:: Dataset excerpts ::
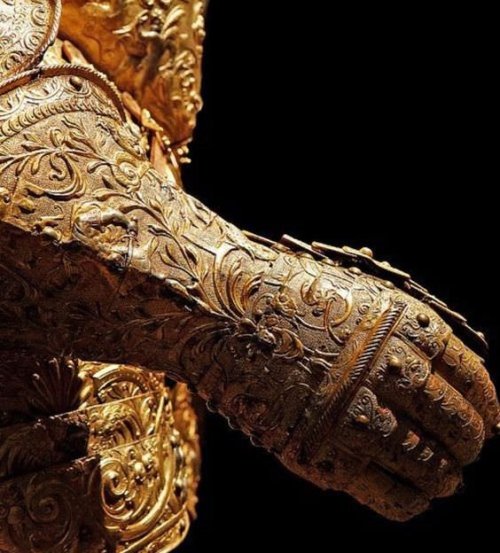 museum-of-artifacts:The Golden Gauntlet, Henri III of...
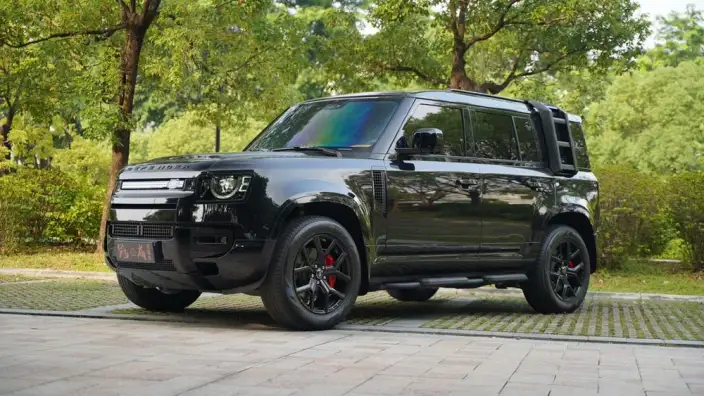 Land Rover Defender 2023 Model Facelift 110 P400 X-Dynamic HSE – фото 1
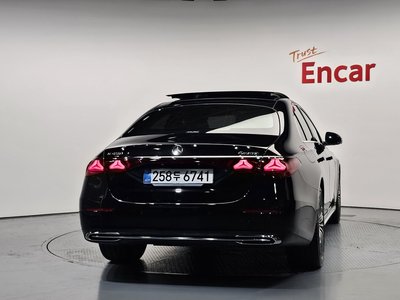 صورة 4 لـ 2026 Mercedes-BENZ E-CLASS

--

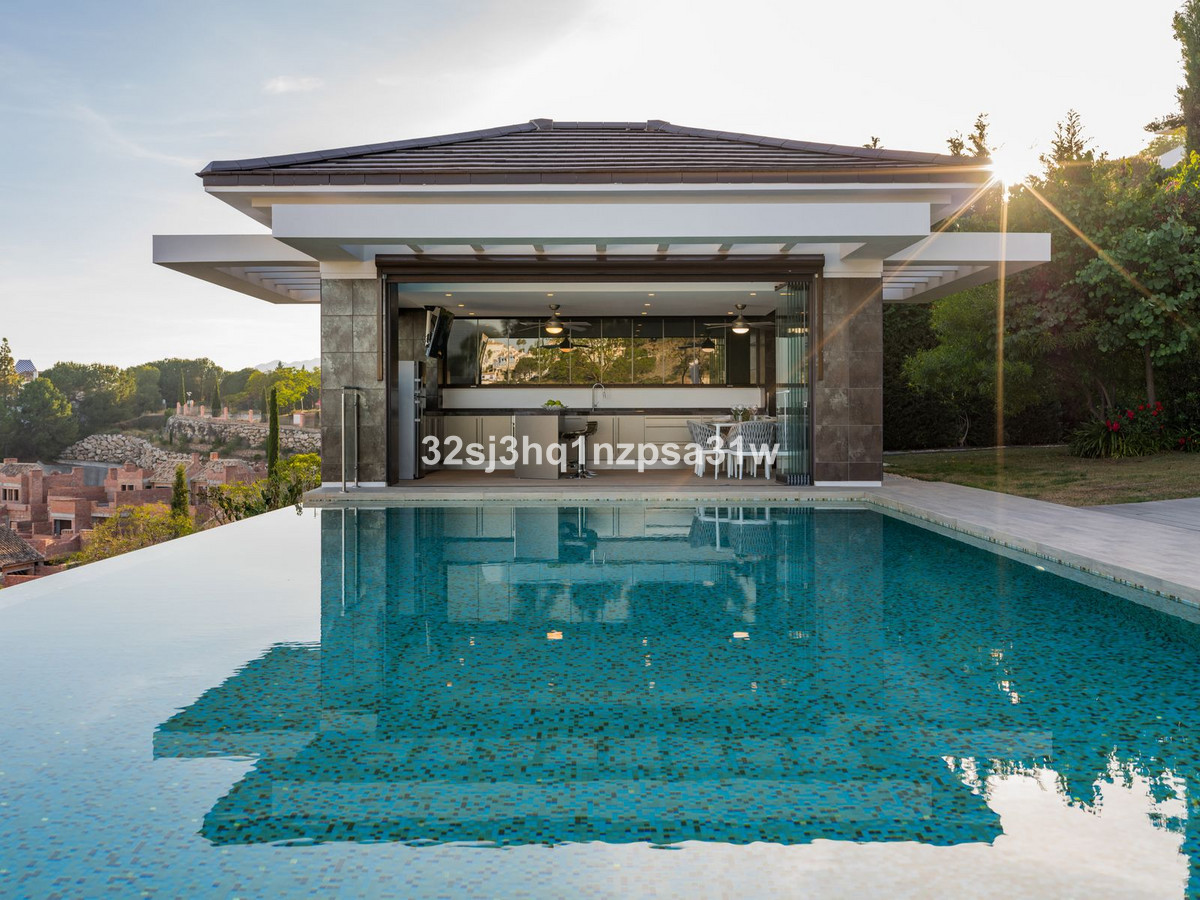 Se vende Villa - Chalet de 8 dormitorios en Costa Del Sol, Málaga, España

:: To do ::
Look above for the line containing "museum-of-artifacts:The Golden Gauntlet, Henri", then copy exactly from it through the line containing "صورة 4 لـ 2026 Mercedes-BENZ E-CLASS", keeping both and leaving out pictures. Add nothing else.

:: Answer below ::
 museum-of-artifacts:The Golden Gauntlet, Henri III of...
 Land Rover Defender 2023 Model Facelift 110 P400 X-Dynamic HSE – фото 1
 صورة 4 لـ 2026 Mercedes-BENZ E-CLASS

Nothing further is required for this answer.